BEGIN Input
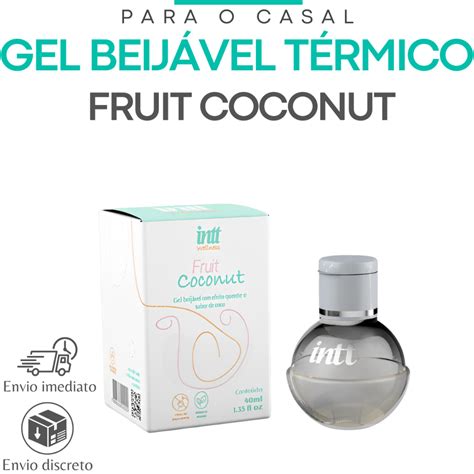 Gel Comestivel Beij Vel Que Esquenta Fruit Coconut G Produto Erotico Sex Shop Intt Shopee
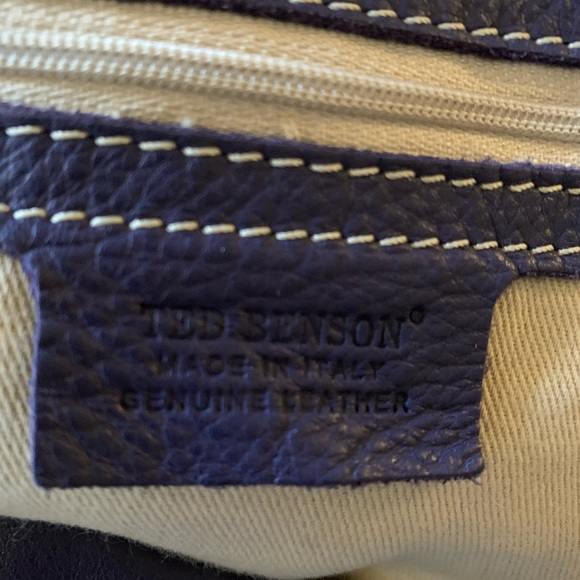 Ted Benson Italian Purple Leather Hobo - Picture 5 of 8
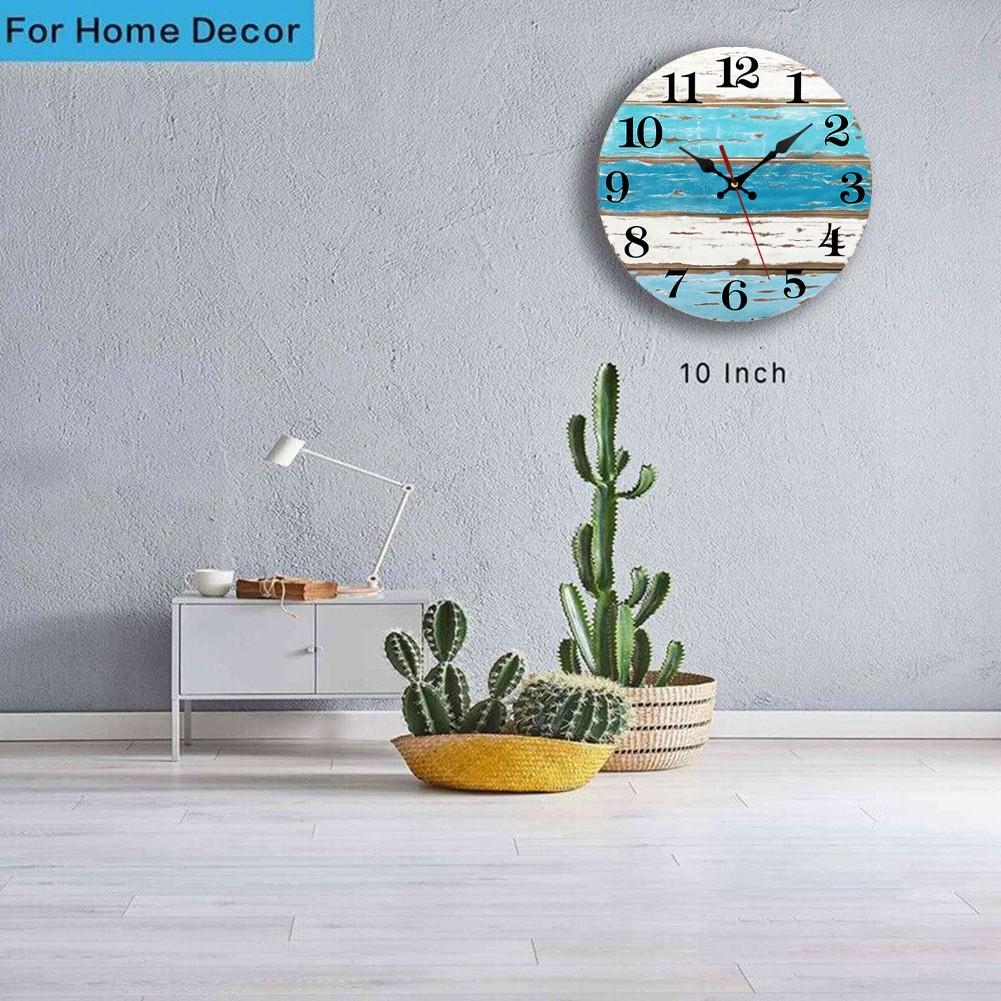 Stylish and Silent Beach Blue Wall Clock for Your Kitchen - Battery Operated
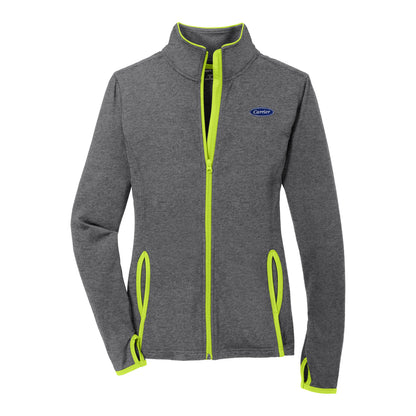 C1666W Sport-Tek Ladies Stretch Contrast Full Zip Jacket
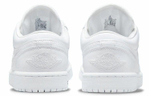 Кроссовки Jordan Air Jordan 1 Low "Triple White" (Женская размерная сетка)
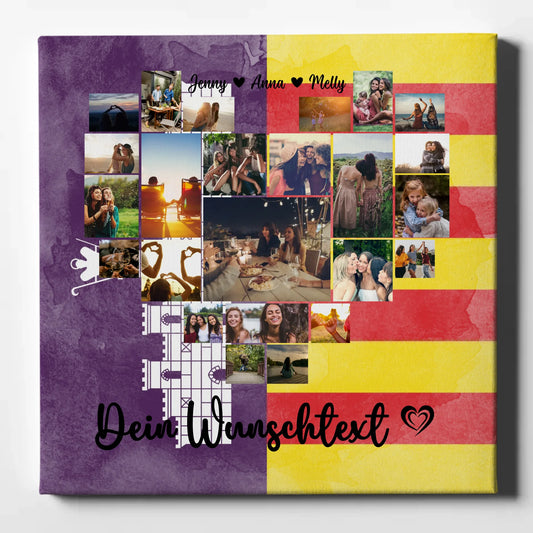 Personalisierte Fotoleinwand Liebe Urlaub Mallorca Geschenk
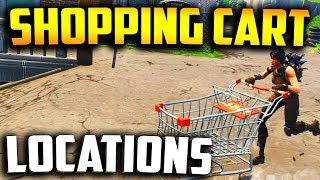 WHERE TO FIND SHOPPING CARTS in FORTNITE! (Fortnite Shopping Cart All Locations) + How To Drive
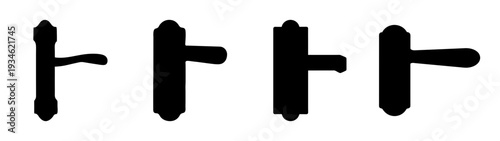 Door lock icons set vector illustration, flat design symbols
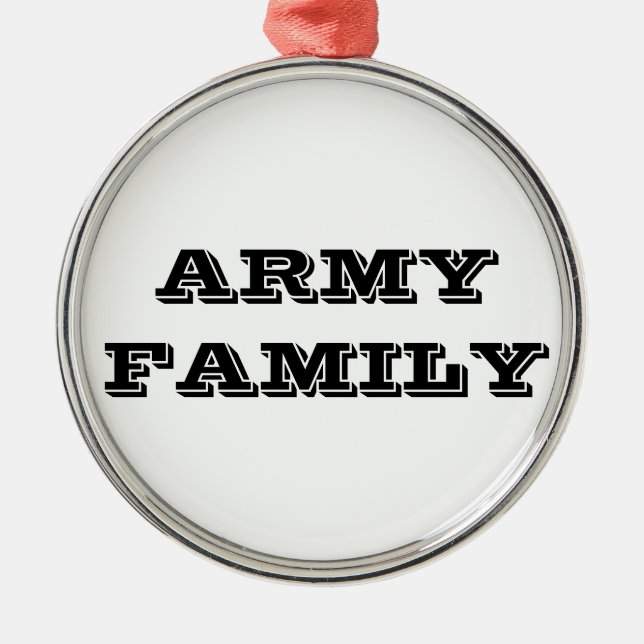 Ornamento De Metal Família Ornament (Frente)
END Input
Lines from the one that contains "Кроссовки Jordan Air" to the final line of the material are the whole answer. Reproduce them word for word and skip the pictures.

 Кроссовки Jordan Air Jordan 1 Low "Triple White" (Женская размерная сетка)
 Personalisierte Fotoleinwand Liebe Urlaub Mallorca Geschenk
 WHERE TO FIND SHOPPING CARTS in FORTNITE! (Fortnite Shopping Cart All Locations) + How To Drive
 Door lock icons set vector illustration, flat design symbols
 Ornamento De Metal Família Ornament (Frente)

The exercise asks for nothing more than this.